If a sufficiently strong theory cannot prove any $n$ has complexity larger than $k$, then it also cannot prove any statement of the form "$m$ is an upper bound on $\Sigma(k)$", because if it could prove that it would also prove "$m+1$ has complexity greater than $k$". So in particular neither PA nor ZFC can prove an upper bound on $\Sigma(k)$ when $k$ is sufficiently large.
Just as the Wikipedia article says, the theorem above is just a recasting of Chaitin's incompleteness theorem in which the length of the program is replaced with the number of states.
In fact, even $\Sigma(7918)$ has no provable upper bound in ZFC, assuming SRP is consistent.
This was shown by Adam Yedidia and Scott Aaronson. Aaronson talks about the result here.
They constructed a machine $Z$ that can't be proven to run forever in ZFC, but it does run forever assuming other axioms (Namely using the SRP (Stationary Ramsey Property)).

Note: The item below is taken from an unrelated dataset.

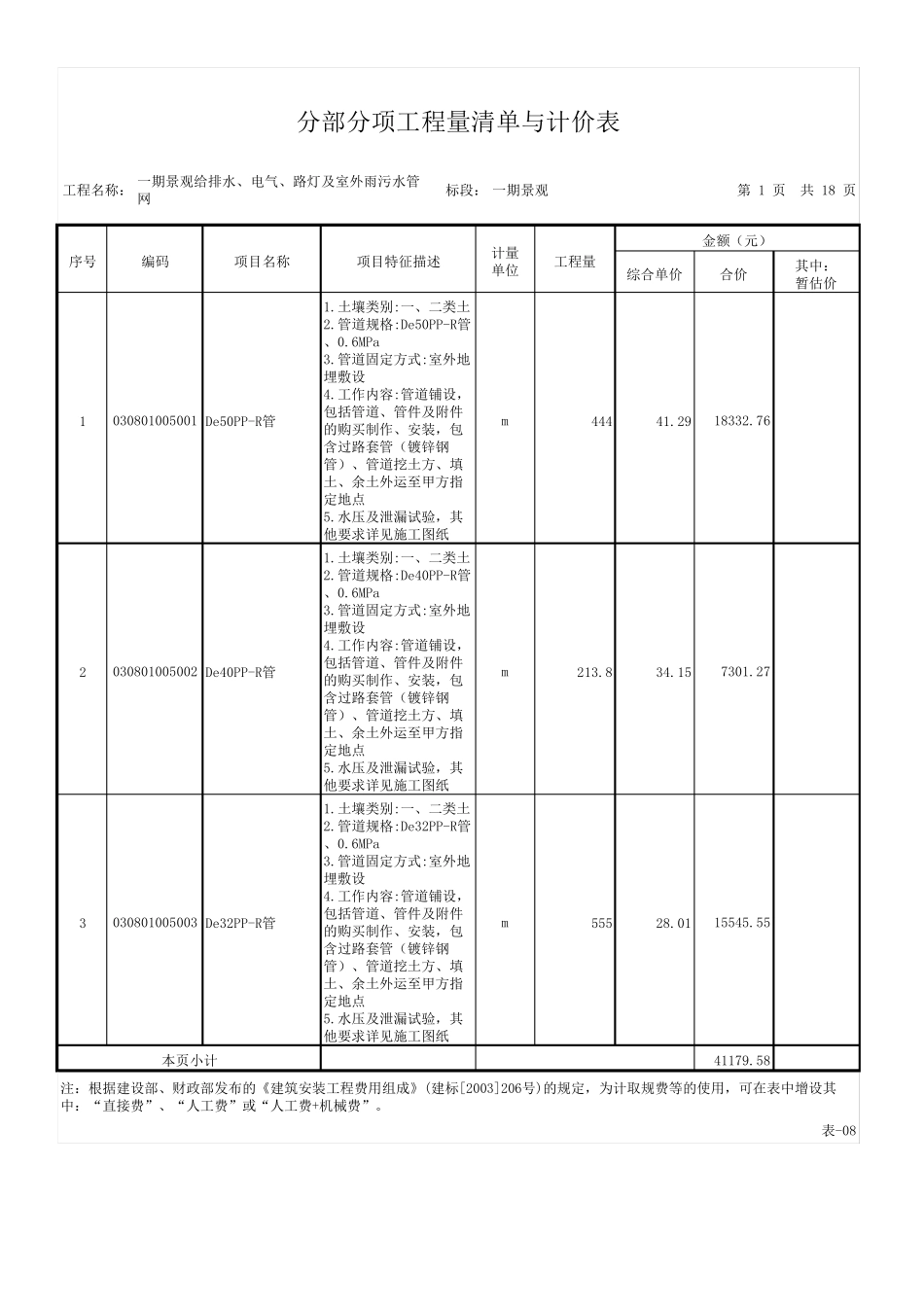 室外水电管网工程量清单_第1页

If $\Sigma(7918)$ had a provable upper bound in ZFC, then $Z$ could just be run for that amount of steps to prove it halts or doesn't halt. Contradiction.
While what has been discussed in the comments is relevant (there exist individual Turing machines which have undecidable Halting problems), I doubt this is what the statement in the Wikipedia article is referring to, mainly because there's absolutely no need to mention a bound as high as $10 \uparrow \uparrow 10$ to find a Busy Beaver with an undecidable Halting problem.
Any universal Turing machine has an undecidable Halting problem, for if it didn't, you would be able to solve the Halting problem for any machine it simulates. There are universal Turing machines with only a handful of states (see e.g. this paper of Neary and Woods.) The restriction that a Busy Beaver starts with a blank tape isn't of consequence, because the machine can just write a machine description onto the tape, and then proceed to simulate it.
I suspect the phrase "ordinary mathematics" is an oblique reference to first-order Peano Arithmetic or similar, and the statement is referring to some proof that any proof of a bound for TM's with $10 \uparrow \uparrow 10$ states must use transfinite methods, even if the TM is total (like the Hydra rewriting game, or something in a similar vein.) But this is just a guess.
("Ordinary mathematics" normally suggests ZFC to me, but a proof that this result is independent of ZFC would be somewhat too astonishing to me, for me to take that interpretation here.)